:: TRY IT ::
Go to the line with "Kissing, morning and" in the material below and copy from there through the line with "Hem detail of", exactly. Pictures are not copied.

:: DATA EXTRACT ::
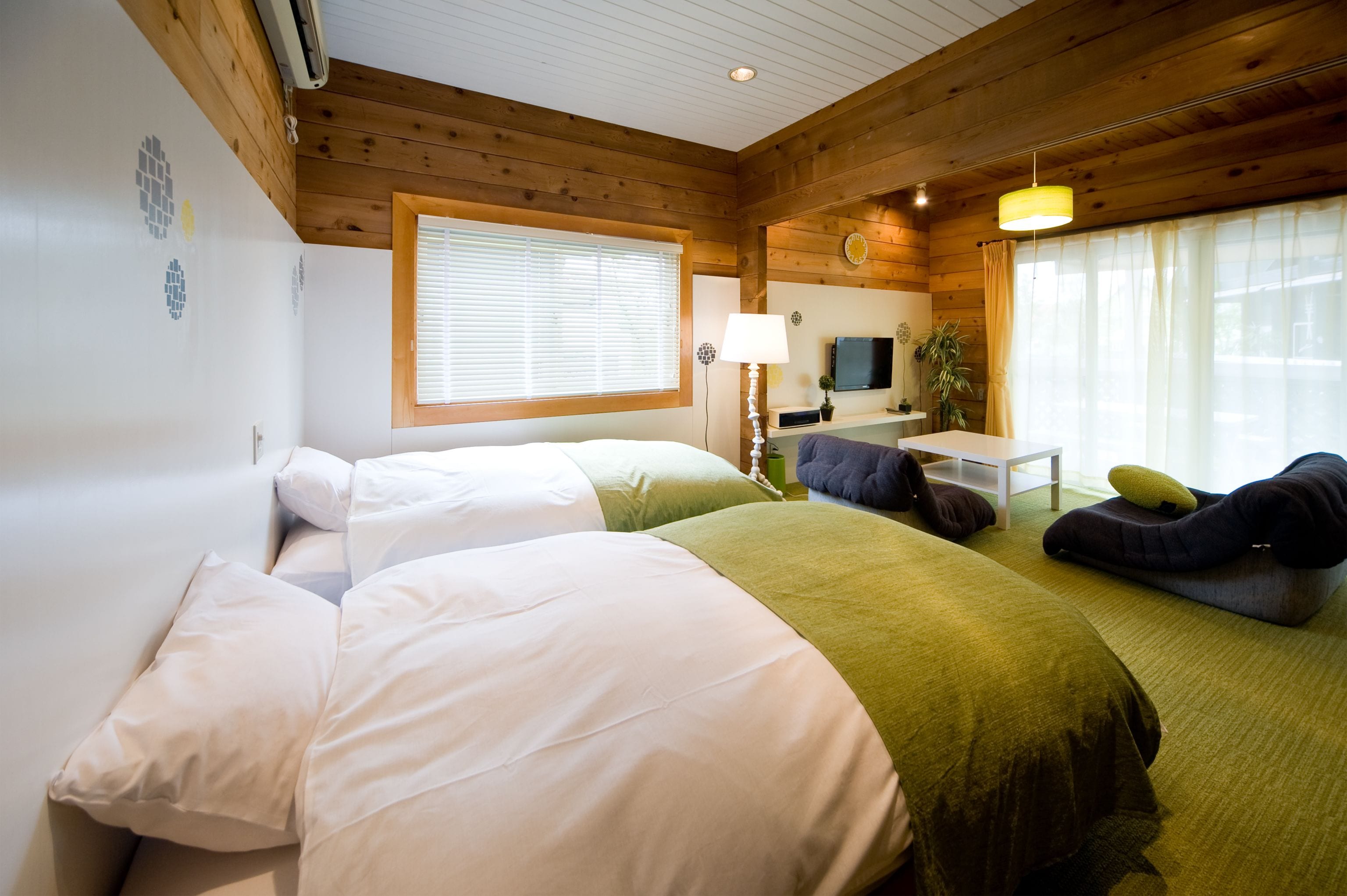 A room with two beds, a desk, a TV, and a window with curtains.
...
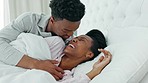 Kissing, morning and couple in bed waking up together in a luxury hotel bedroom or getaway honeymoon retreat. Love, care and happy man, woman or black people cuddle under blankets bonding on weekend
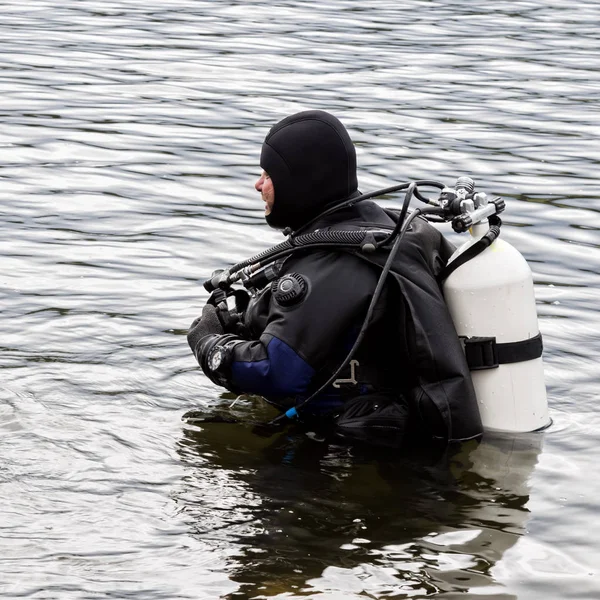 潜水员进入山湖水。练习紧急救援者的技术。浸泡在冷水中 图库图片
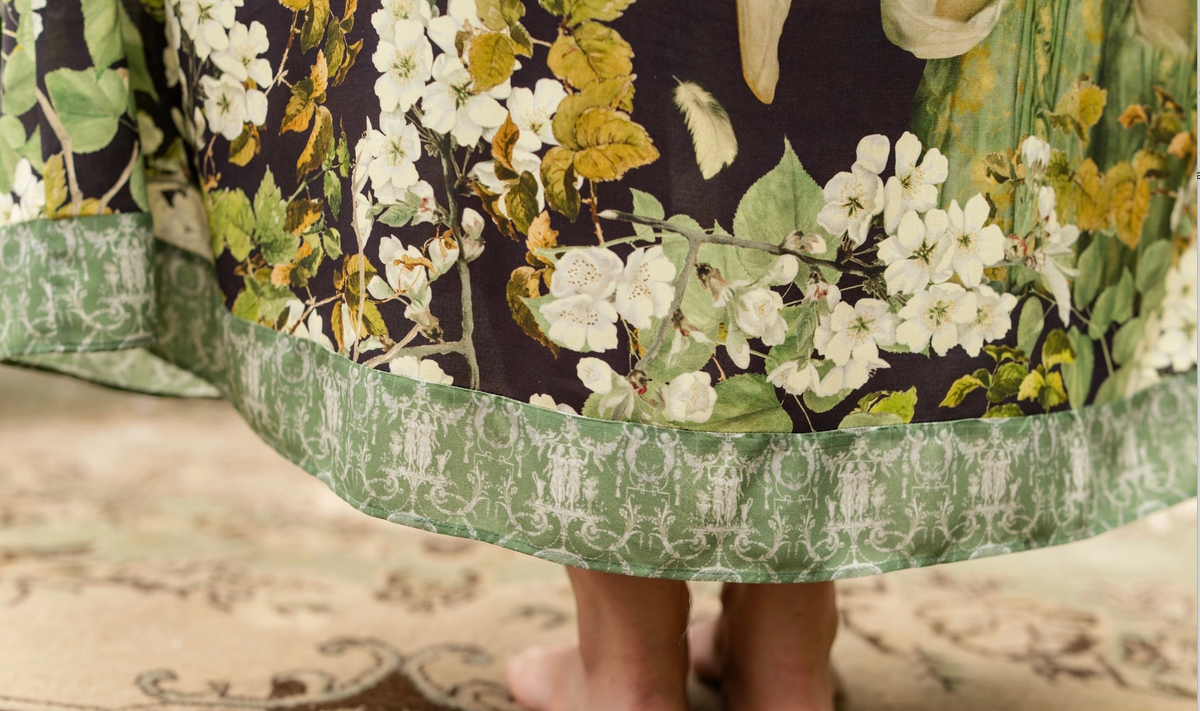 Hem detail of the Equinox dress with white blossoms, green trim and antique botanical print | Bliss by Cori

:: RESPONSE AREA ::
 Kissing, morning and couple in bed waking up together in a luxury hotel bedroom or getaway honeymoon retreat. Love, care and happy man, woman or black people cuddle under blankets bonding on weekend
 潜水员进入山湖水。练习紧急救援者的技术。浸泡在冷水中 图库图片
 Hem detail of the Equinox dress with white blossoms, green trim and antique botanical print | Bliss by Cori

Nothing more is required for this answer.